Em 1890 ele se mudou para novos cômodos no último andar de uma casa para que as pessoas a quem ele devia dinheiro não pudessem chegar até ele. Ele tentou compor num estilo simples e se interessou pela religião mística e pela arte gótica. Ele herdou uma pequena quantia de dinheiro com a qual comprou sete ternos de veludo que eram todos exatamente iguais: um para cada dia da semana. Ele fundou uma igreja chamada Église Métropolitaine d'Art de Jésus Conducteur (Igreja Metropolitana de Arte de Jesus Maestro), mas ninguém pertencia à igreja, exceto ele mesmo.
No final de 1898 ele se mudou para Arceuil, um subúrbio de Paris. Ele passou o resto de sua vida lá. Ele deixou de se apresentar em público e ganhou dinheiro tocando piano em cafés e pubs. Todas as manhãs ele andava os 10 quilômetros até Paris, parando no caminho nos cafés para beber ou compor. Ele usava um chapéu de coco, colarinho de asa e sempre carregava um guarda-chuva enrolado. Se chovesse, ele mantinha seu guarda-chuva embaixo do casaco para mantê-lo seco. Ele também carregava um martelo para o caso de alguém o atacar. Tarde da noite ele voltou para casa ou pegou o último trem de volta. Seu apartamento era uma bagunça terrível.
Ascensão à fama
Em 1905, aos 39 anos de idade, tornou-se novamente estudante e estudou música na Schola Cantorum. Ele queria se tornar um compositor melhor. Ele aprendeu a escrever fugues. Ele ainda gostava de usar a paródia em sua música.
Em 1911 Maurice Ravel tocou algumas das peças de piano de Satie em público. De repente, as pessoas começaram a tomar conhecimento de Satie. Perceberam que ele havia sido um dos primeiros compositores impressionistas. Debussy conduziu seus Gymnopédies em seu arranjo para orquestra.
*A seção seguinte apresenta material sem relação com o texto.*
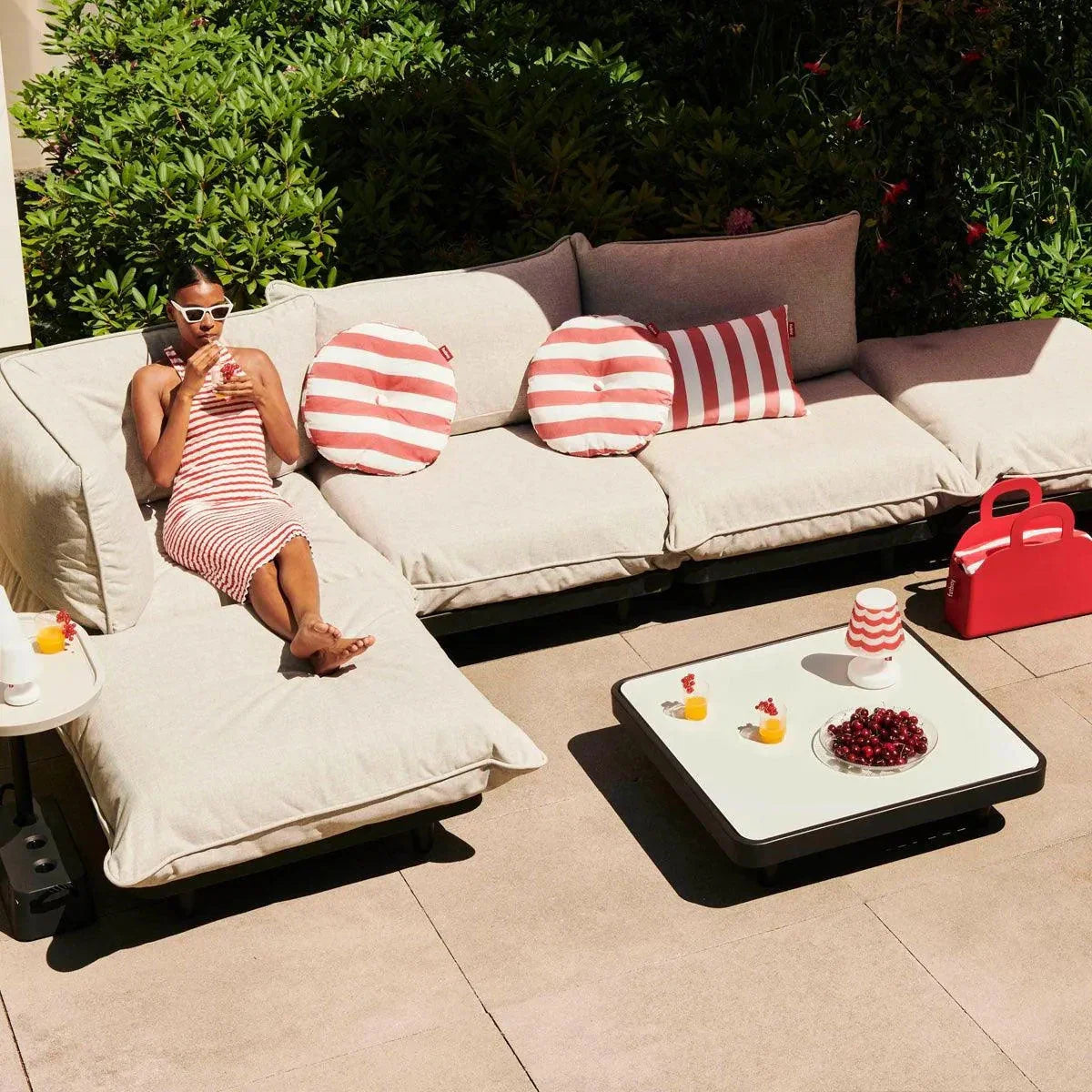 Embrace Comfort and Style: Elevate Your Outdoor Space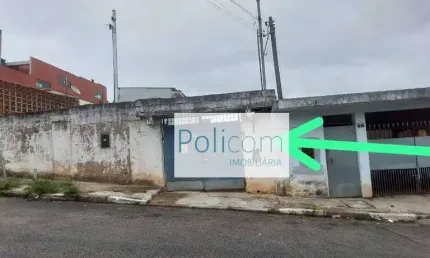Terreno à venda, 125 m² por R$ 220.000,00 - Jardim Salete - Taboão da Serra/SP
Os críticos musicais começaram a escrever artigos sobre Satie. Ele estava finalmente se tornando famoso. Ele tinha algumas peças humorísticas para piano publicadas. Ele estava ganhando algum dinheiro com suas composições, então ele foi capaz de desistir de tocar em cabarés. Ele conheceu Jean Cocteau que o apresentou a Diaghilev para quem ele escreveu a música para a Parade. Algumas pessoas o adoravam, outras odiavam, mas as pessoas estavam dando atenção a ele. Ele foi convidado a escrever mais música para o teatro. Ele foi uma influência muito importante para os seis compositores conhecidos como Les Six. Foi-lhe pedido que escrevesse um drama sinfônico que ele chamou de Socrate. Muitos músicos acham que é sua melhor peça.
Últimos anos
Na década de 1920 ele escreveu muitos artigos para jornais e revistas e se associou ao movimento artístico conhecido como Dada. Seus balés Relâche e Mercure chocaram o público quando foram realizados pela primeira vez. Relâche é um exemplo precoce do que mais tarde se tornou o teatro da alienação.
Satie bebeu muito álcool e ficou doente. Ele teve cirrose do fígado e morreu em 1925. Quando seus amigos entraram em seu apartamento após sua morte, houve tanta confusão que tiveram que jogar fora dois carros cheios de lixo antes que pudessem chegar aos seus papéis e manuscritos.